However, the trial court nonetheless found for Guan because the evidence showed that Hu “repudiated her contract responsibilities in failing, after receiving Chen’s instruction in his July 21, 2012 email to her, to sell the house and remit the proceeds, net of her share, to Guan.” The trial court justified its decision to find for Guan despite his failure of proof by citing to section 1692: “the court may exercise equitable jurisdiction to ‘adjust the equities among the parties’ even if it does not find a basis to rescind the contract. Civil Code 1692 . . . . In exercising equitable jurisdiction, Civil Code 1692 authorizes the court to “grant any party to the action any other relief to which he may be entitled under the circumstances.” In its statement of decision, however, the trial court did not address its earlier decision dismissing Guan’s breach of contract claim without leave to replead.

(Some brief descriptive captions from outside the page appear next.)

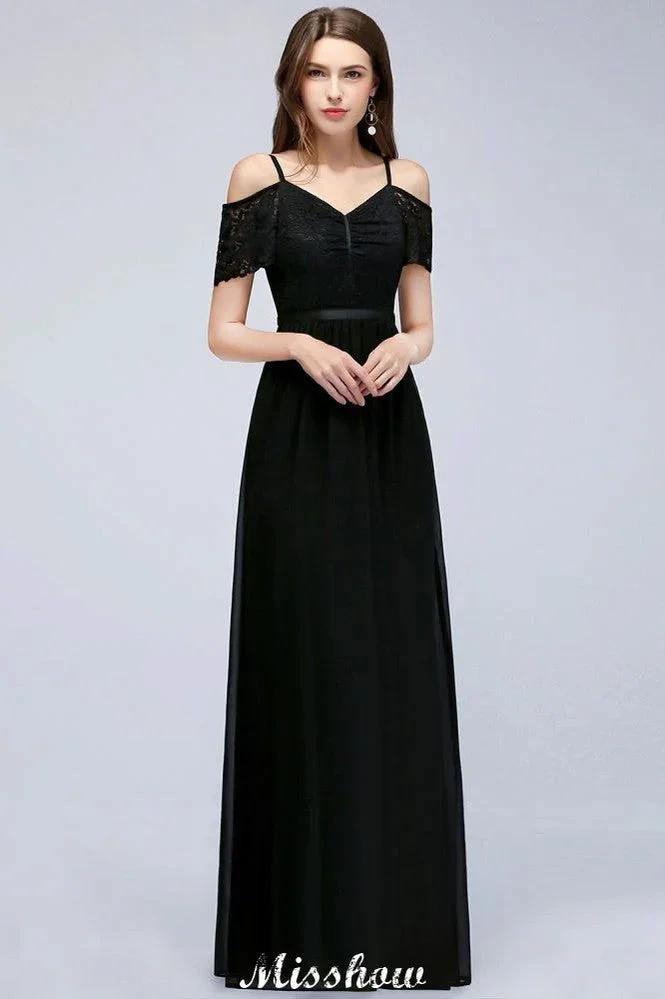 Off-the-shoulder Sleeveless Floor-Length A-line Bridesmaid Dresses Chiffon Lace V-Neck Prom Dress (ZD12920)
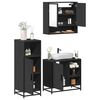 vidaXL Ensemble de meubles salle de bain 3 pcs noir bois d'ing&eacute;nierie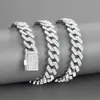 Halsband Moissanite Chain Ouya Hip Hop Jewelry 12mm White Gold Plated Iced Out Cuban Link CZ Prong Diamond Cuban Link Chain Necklace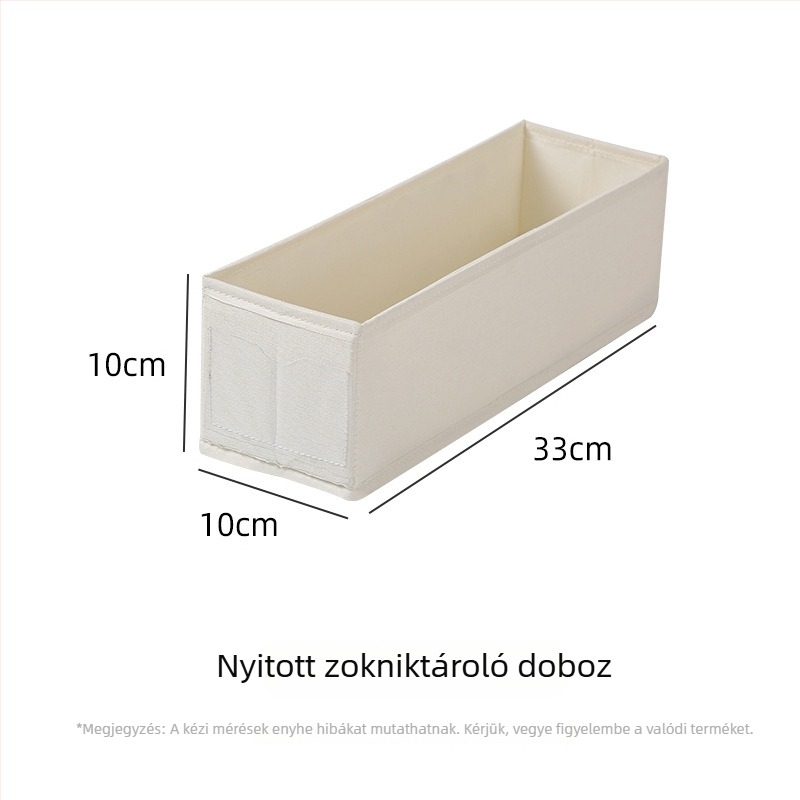 Téglalap alakú zoknitároló doboz, összecsukható aljjal, mosható szövetből, fehérnemű és harisnyák tárolására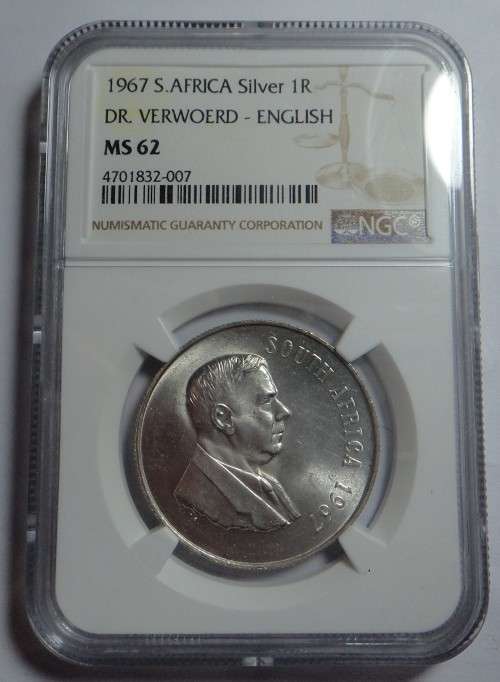 Republic of SA: Silver R1 1967 (English) NGC MS 62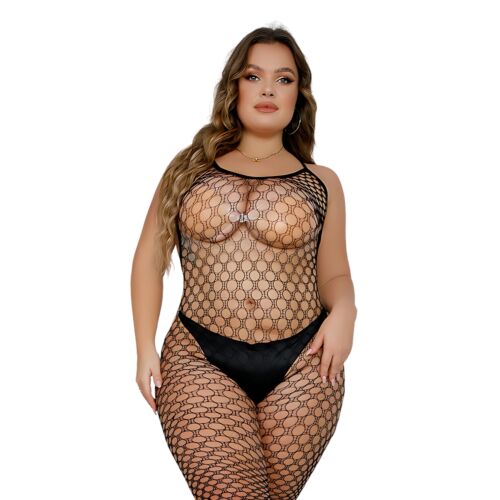 Bodystocking Lace Plus Size com padrão de rede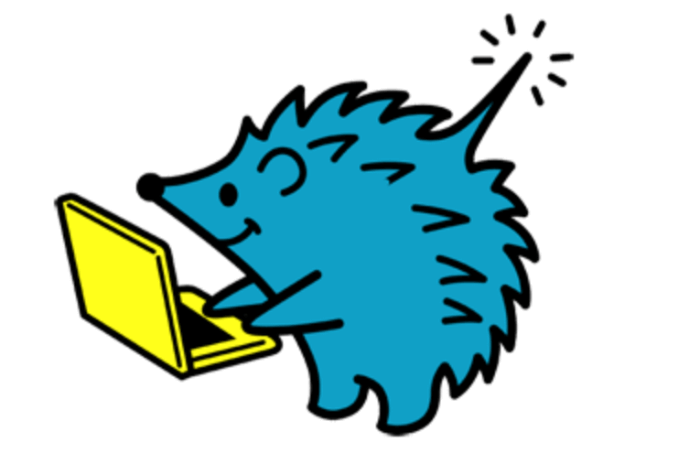 Wi2 300の青いハリネズミキャラクター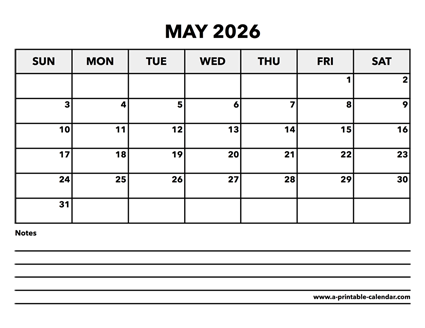 Calendar May 2026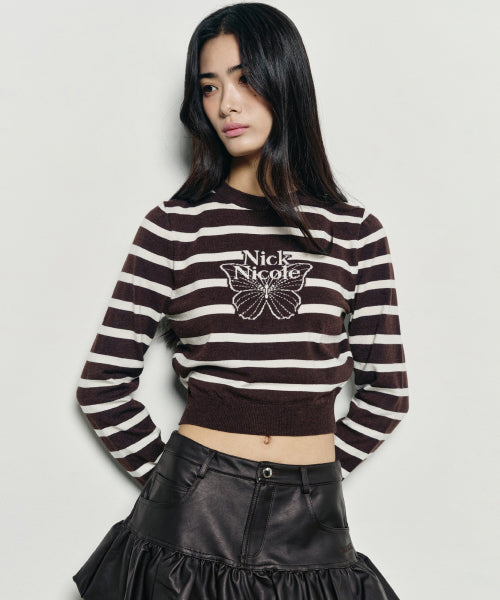 MINI BUTTERFLY SIGNATURE STRIPE KNIT #徐睿知同款! - 4 COLORS BROWN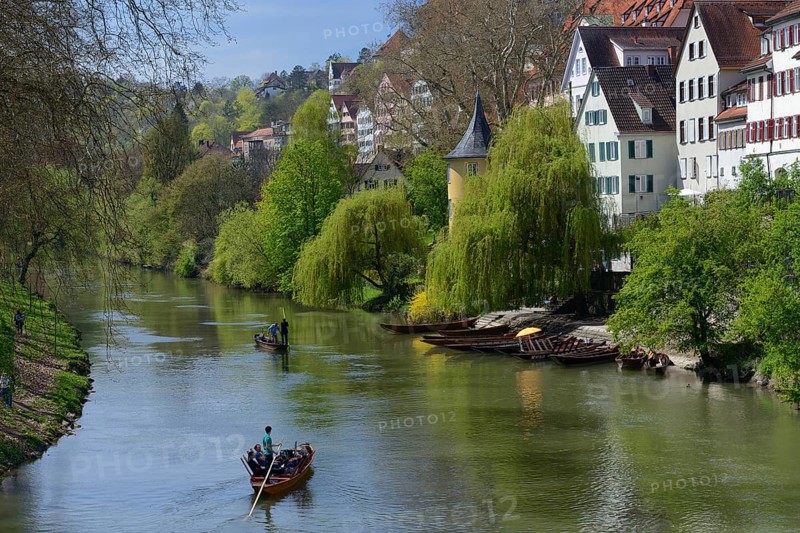 Old town of Tuebingen with Hoelderlin Tower on the Neckar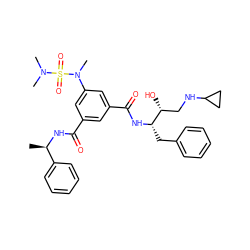 C[C@@H](NC(=O)c1cc(C(=O)N[C@@H](Cc2ccccc2)[C@H](O)CNC2CC2)cc(N(C)S(=O)(=O)N(C)C)c1)c1ccccc1 ZINC000014961391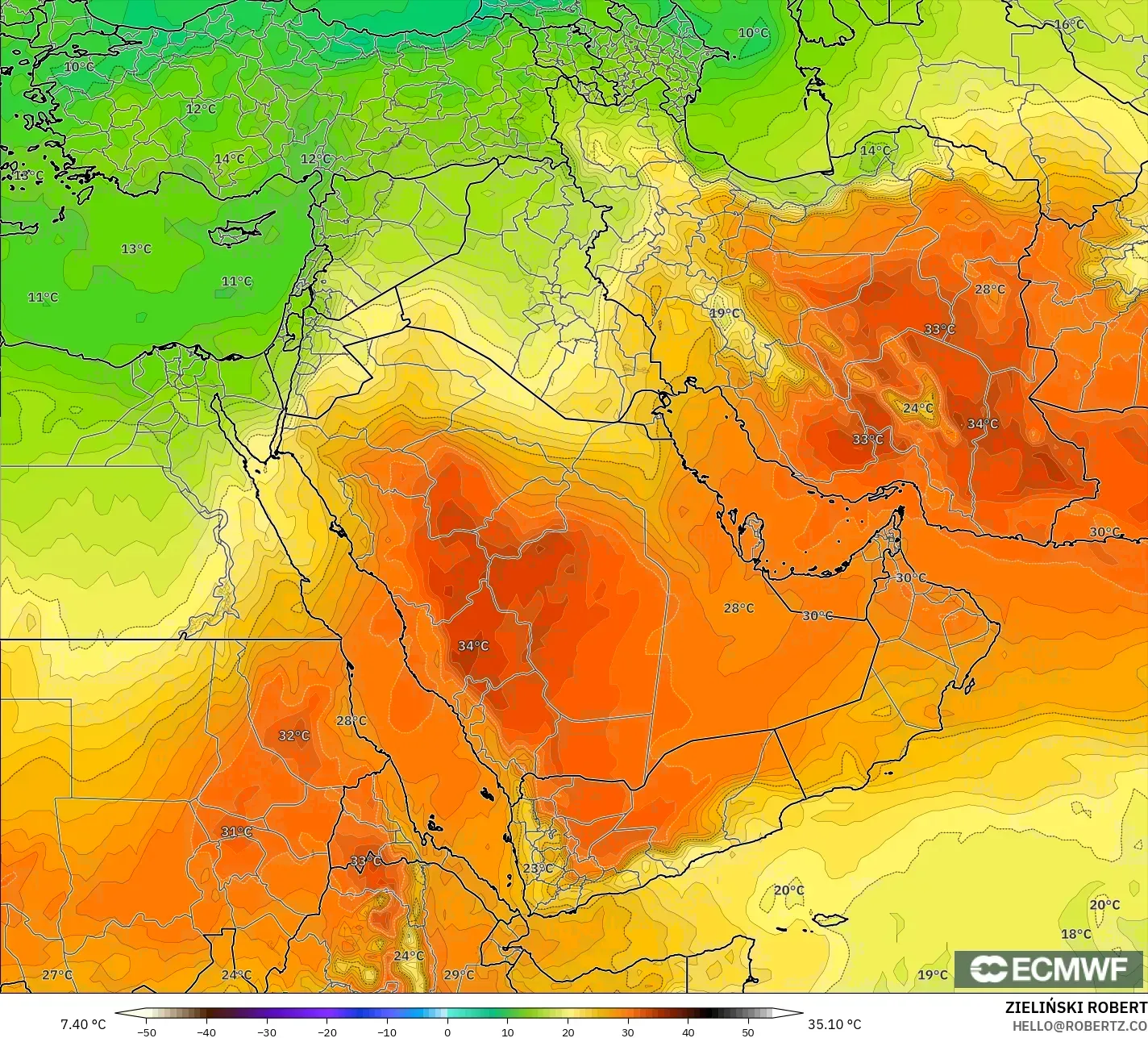 ECMWF IFS 0.25° model - Middle East, Temperature at 850hPa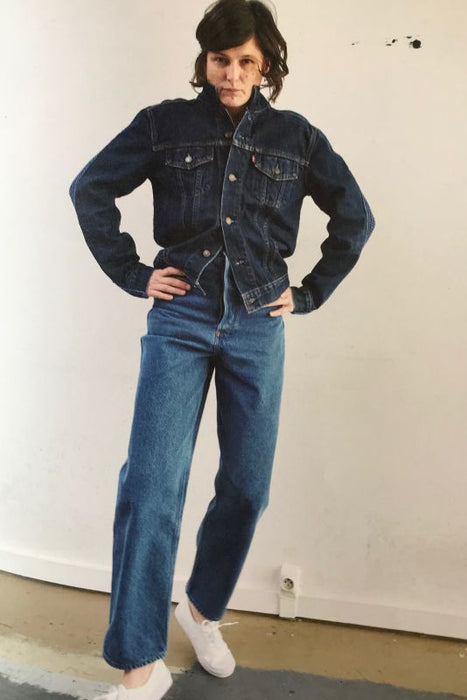 CRISTASEYA<br>BLEACHED DENIM HIGH-WAISTED JEANS<br><br>SOLD OUT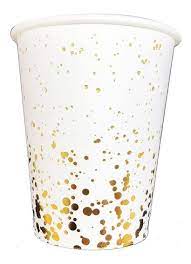 Vasos Descartables Poli Blancos con Estampados Confeti Dorados x8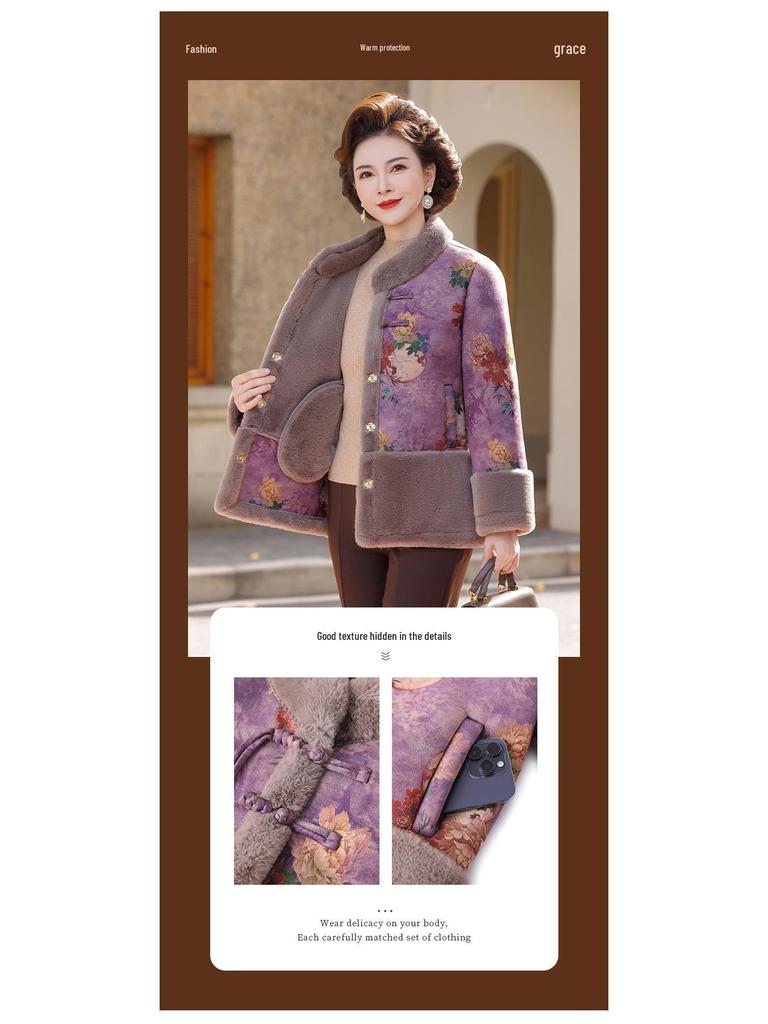 Velvet Plus Ancient Style Print Warm Jacket for Middle-Aged & Elderly Women - Winter Casual Wear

On April 18, 2016—nearly two weeks after the trial court issued its tentative statement of decision, Guan filed a motion to conform the FAC to the proof presented at trial by adding a breach of contract cause of action (the motion).
On May 11, 2016, the trial court denied the motion, explaining that Guan had “unreasonably delayed” in seeking to amend the FAC and noting that Guan filed the motion “after completion of trial, after the matter was submitted, and, indeed, after the court had issued its Statement of Tentative Decision.”
Hu timely appealed from the judgment and Guan timely cross-appealed from the denial of the motion.
- The judgment must be reversed because the trial court misapplied section 1692
On appeal, Hu argues that section 1692 “does not grant trial courts authority to grant relief to plaintiffs who do not prove the claims they advanced at trial. It merely permits trial courts to adjust the equities if a plaintiff proves that it is entitled to rescission or, if a plaintiff fails to prove rescission, to award relief should the plaintiff establish a right to relief on other claims in the operative complaint.” We agree.
- The standard of review
We review the trial court’s interpretation of section 1692 de novo. (People ex rel. Lockyer v. Shamrock Foods Co. (2000) 24 Cal.4th 415, 432; Reid v. Google, Inc. (2010) 50 Cal.4th 512, 527; Cuiellette v. City of Los Angeles (2011) 194 Cal.App.4th 757, 765.)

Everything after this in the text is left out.